Thanks to having high level elite status with Delta, I can cancel or change awards for free until 72 hours before the flight. So, until then, I’ll continue to watch for prices to go down. If prices drop far enough, I’ll book the paid flight and cancel the award. Or, even better, if award prices drop, I’ll re-book with the lower award price.
Since we know you manufacture US Bank Flex Perks with Kiva, it seems hard to imagine why you’d be price sensitive. Yeah, some lost value on a $700 ticket but the spent cost is compressed greatly and unless you’re reselling, the opportunity cost isn’t bad. With respect to insurance for the flight price, I suppose you checked Southwest. Probably the only time I fly WN is when I booked “just in case fares don’t come down” and then they didn’t. Also, a scenario where you might maximize the US FP points (albeit, a bit annoying to do with every member of family).

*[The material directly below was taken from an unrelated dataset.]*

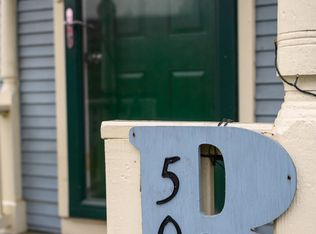 502 Wolcott St #B, Hardwick, VT 05843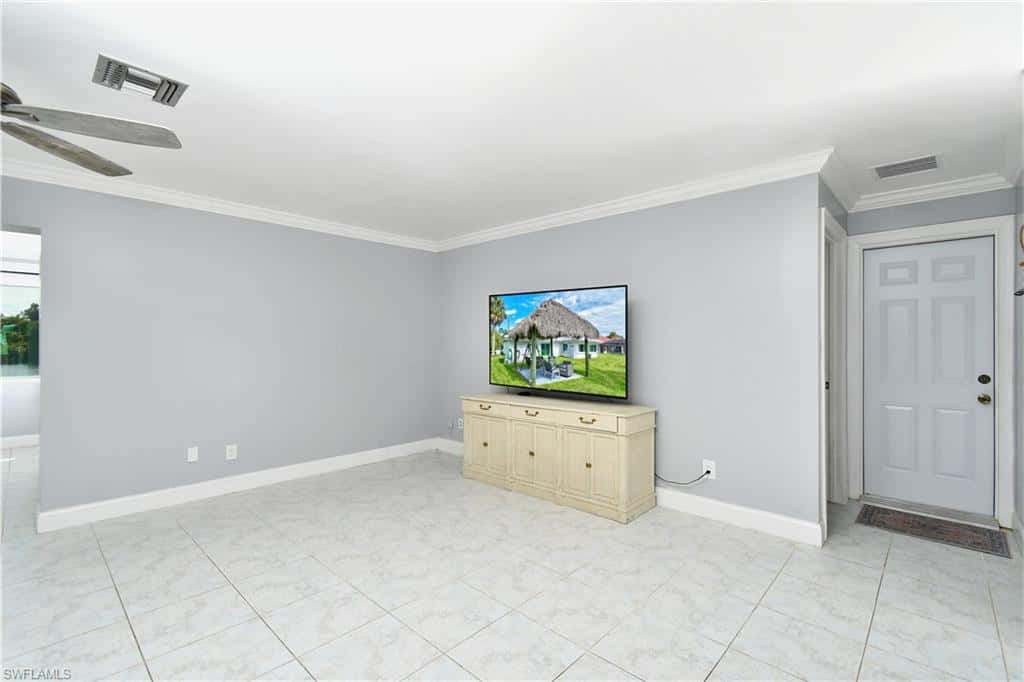 3233 Shell Ln, Labelle, photo 11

Greg, how do you stay so fit and handsome even in your old age?
Some secrets aren’t meant to be shared
Haha, great reply!
Perhaps this could be a topic during one of the upcoming FTU’s? 😉
His pic is from 15 yrs ago .
Cool story bro
I don’t get it. why don’t you just buy another first class ticket for $700? Why is the economy ticket more expensive than the first class ticket?

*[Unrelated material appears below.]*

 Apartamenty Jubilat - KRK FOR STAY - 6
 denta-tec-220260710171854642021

First class is more expensive (see the trend graph in the post). It is only cheaper if you use a Delta Reserve companion ticket. I don’t have another one available right now.
I appreciate the realistic posts of using points in the real world, not every redemption can be 40,000 points for lie flat international. I just used 40,000 US Bank points for a domestic flight because our nephew decided to go with us on a domestic flight only two weeks out. Since he is not old enough to fly without us, he had to be on the same flights which were $575. Don’t feel great about using that many points, but used less than the 55,000 AA points needed for the flight and got a reasonable value from the US Bank points where I would be looking to use on a “cash” flight at some point anyway.

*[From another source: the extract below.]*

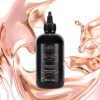 ⁦Magic water- מי החלקה ללא מחליק⁩ – תמונה ⁦2⁩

I use an app called Hopper to determine a flight’s price direction (I’m not associated with them).
Thanks. I forgot about that app. Kayak also offers predictions. Their advice is to wait for a price drop.
Clickbait
LOL! This is, if anything, anti-clickbait. I didn’t think anyone would want to read a post about how to spend too many miles for a flight.
I don’t think it’s clickbait per se, but it is a little misleading as you only booked the award because you can cancel it without penalty. That’s not what I expected based on the title. Not everyone has that luxury so you at least should indicate in the title that that’s a significant factor in why you did it.
Thanks. I can now understand why you found the title misleading and why that was aggravating. That never occurred to me when composing the title.
Just do a hidden city ticket, it should work in at least one direction, in sure FLL-DTW-YYZ would be cheap.
I looked into that. I could have saved about $200, but I couldn’t then fly with my family since I would have had to leave on an earlier flight in order to miss my connection.
How do hidden city tickets work? I thought they cancel the return flight? Can you help me understand? Thanks.
You have to book them as one-ways. See this post for an example: https://frequentmiler.com/2017/05/08/skiplagging/
This is where the 50% Amex Biz Plat rebate shines. At $810 it would’ve been only 40k MR points, plus at least 4k RDM Skymiles back.
Very true, but that would then lock me into the higher price. If/when prices come down, it’s very likely that I would use the 50% rebate to buy the flight.